A Beloved Beach House and a Lesson in Letting Go
“As a little kid I’d always want to cry when it came time to leave,” says photographer Matt Propert about his family’s beach house on Delaware’s Fenwick Island. “Growing up in Virginia, it was the one place where we went on vacation. I have fond memories about those early days spent at the beach getting sunburned and salty. It was all so simple.”
In his teens and early 20s, Propert’s fascination with the cottage faded. “I didn’t know how to appreciate the absolute quiet. It’s a place where the lack of distractions forces you to really take a look at yourself,” he says. But when his grandfather, who had designed the house, fell ill, Fenwick became a priority again. “Following his stroke everybody in my family realized how fragile it all was, and how we should appreciate the cottage for as long as we can.”
That was in 2002. Eight years later, Propert started a job as a photo editor for National Geographic Books. By that time he had begun photographing in Fenwick, where he says he was spiritually recharged and artistically refueled. “I was making the two-and-a-half-hour drive almost every weekend,” he says. “When the wind blows, and the house shakes, and there’s only that sound along with the crashing waves, it ignites all of your senses and brings you right to the moment. I found the ambience triggered an intense urge to create art, and I photographed constantly.”
Many of his photos feature his family, including his grandmother (he says she enjoys the spotlight), and his partner, Uliana (who is also a photographer), but he never photographed his grandfather in the way he would’ve liked. “It is one of my major regrets,” he says, “that I didn’t have the opportunity to properly photograph him at the house he designed.”
There are also much quieter images in the mix, moments without a human presence. “Photographing the cottage taught me that an image could be found anywhere.

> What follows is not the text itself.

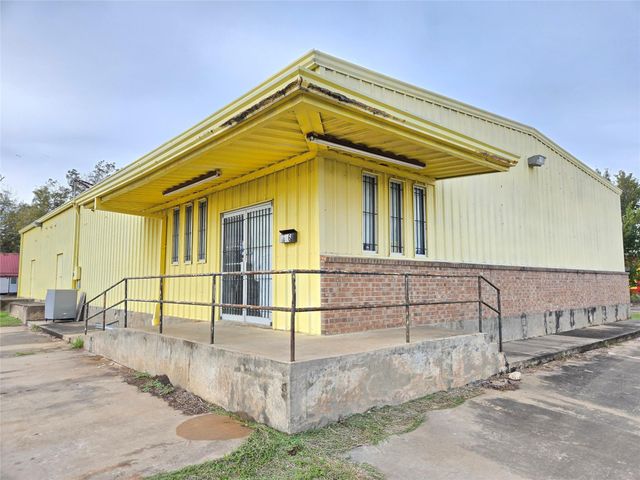 1616 Avenue F, Bay City, TX 77414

It could be the way that a sliver of light gently touches a curtain that’s reflected in a bathroom window.”
That sort of visceral reaction to a moment or scene required him to be ready to make a photo at any moment. “I would usually sleep with my camera on my bedside table. Sometimes I would take a photo or two before even getting out of bed in the morning. More often than not I found myself responding to the light. The cottage is exposed to the full arc of the sun, so the quality of light is absolutely magical. As the sun moved through the sky it would accentuate certain details or areas throughout the cottage and bring them to life.”
As the photos collected (he eventually amassed over 30,000), Propert began to realize the significance of the images he was accumulating. He says that for him, “The cottage came to stand as a symbol of my family’s history and my own heritage. I felt like I was photographing my past. But it was all laid out there before me—over the years virtually nothing changed inside the house. Most of the old rustic cottages surrounding ours had been torn down and replaced with giant ugly rental homes. Our cottage seems to stand as a monument to different, and perhaps better, times.”
Propert’s life continues to change—his grandfather passed away a few years ago, his grandmother suffers from Alzheimer’s, and he and Uliana have relocated to the West Coast. And he’s not sure how much longer his family can hang on to the cottage before they have to sell it to pay for end-of-life expenses.
“Trying to come to terms with impermanence has been a huge driving force in this work,” he says. “In a way I feel like I’ve said goodbye.”